Dave McEwen

Personal information
- Full name: David McEwen
- Date of birth: 2 November 1977 (age 47)
- Place of birth: Hackney, England
- Position(s): Forward

Youth career
- Arsenal

Senior career*
- Years: Team / Apps / (Gls)
- Crouch End Vampires
- Crawley Town
- 1999–2000: Dulwich Hamlet
- 2000–2001: Tottenham Hotspur / 4 / (0)
- 2001–2002: Queens Park Rangers / 5 / (0)
- Hertford Town
- Total:  / 9 / (0)

= Dave McEwen =

English footballer

Dave McEwen is an English former professional footballer who played for Tottenham Hotspur and Queens Park Rangers in the English Premier League.

==Career==
Signed from Dulwich Hamlet in March 2000, he initially shone in the Spurs reserves before appearing as an unused substitute against Wimbledon on 22 April.

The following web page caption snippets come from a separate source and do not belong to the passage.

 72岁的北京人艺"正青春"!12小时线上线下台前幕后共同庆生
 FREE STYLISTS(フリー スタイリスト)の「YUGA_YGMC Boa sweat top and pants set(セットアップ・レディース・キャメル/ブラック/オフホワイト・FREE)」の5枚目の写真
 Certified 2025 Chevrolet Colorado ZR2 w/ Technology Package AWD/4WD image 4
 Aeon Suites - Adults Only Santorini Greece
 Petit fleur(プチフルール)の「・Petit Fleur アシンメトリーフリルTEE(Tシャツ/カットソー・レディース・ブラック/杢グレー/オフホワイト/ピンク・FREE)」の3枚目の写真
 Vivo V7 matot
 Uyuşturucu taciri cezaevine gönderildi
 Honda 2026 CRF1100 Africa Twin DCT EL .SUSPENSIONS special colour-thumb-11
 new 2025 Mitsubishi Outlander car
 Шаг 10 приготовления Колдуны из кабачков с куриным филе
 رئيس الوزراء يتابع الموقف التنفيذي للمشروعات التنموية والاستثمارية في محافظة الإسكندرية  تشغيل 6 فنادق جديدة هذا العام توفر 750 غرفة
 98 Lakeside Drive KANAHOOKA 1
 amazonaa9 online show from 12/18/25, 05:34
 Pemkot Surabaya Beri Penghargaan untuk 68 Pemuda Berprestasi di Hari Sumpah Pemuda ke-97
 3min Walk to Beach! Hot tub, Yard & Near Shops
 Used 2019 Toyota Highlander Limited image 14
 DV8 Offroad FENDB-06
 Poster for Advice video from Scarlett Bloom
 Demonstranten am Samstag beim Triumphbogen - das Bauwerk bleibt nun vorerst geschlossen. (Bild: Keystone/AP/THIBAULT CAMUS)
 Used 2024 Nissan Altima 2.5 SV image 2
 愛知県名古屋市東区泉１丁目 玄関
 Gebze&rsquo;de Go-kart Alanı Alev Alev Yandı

He then replaced Steffen Iversen for the final 20 minutes against Derby County in the following match. In January 2001 he made his final three substitute appearances against Everton, Southampton and West Ham United, replacing Willem Korsten, Les Ferdinand and Serhii Rebrov respectively.

His period at Spurs was unsuccessful, and he was eventually replaced as a preferred reserve forward by Andy Booth. He left for Queens Park Rangers in August 2001.